> The task:
The lines needed run from the one that contains "Блок управления печкой" through the end of the material below, both included; write them out exactly, with no pictures.

> Data below:
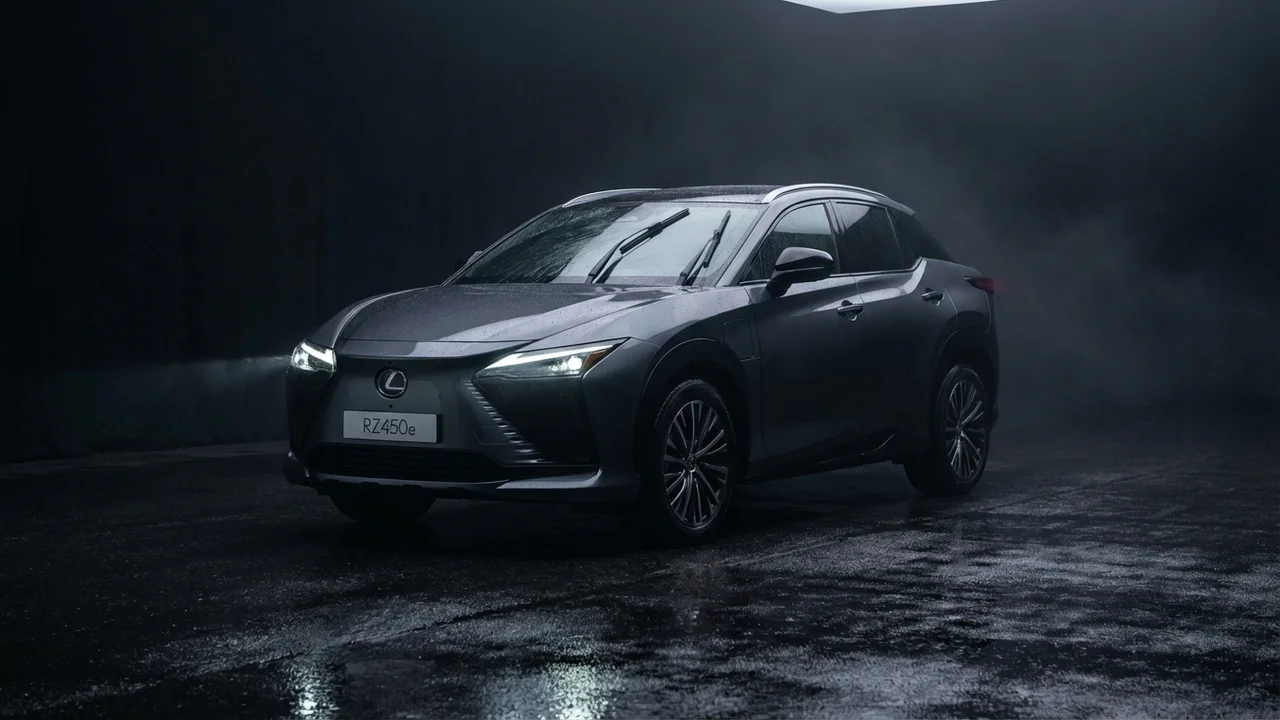 Scheibenwischer für Lexus RZ450e — Passgenau kaufen - 1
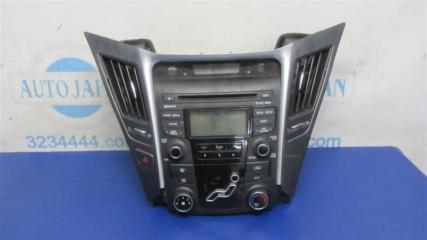 Блок управления печкой HYUNDAI SONATA YF 10-14 2012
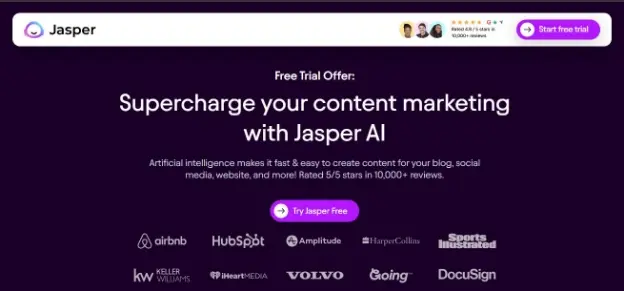 Introducing Jasper AI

> Reply to the task:
 Блок управления печкой HYUNDAI SONATA YF 10-14 2012
 Introducing Jasper AI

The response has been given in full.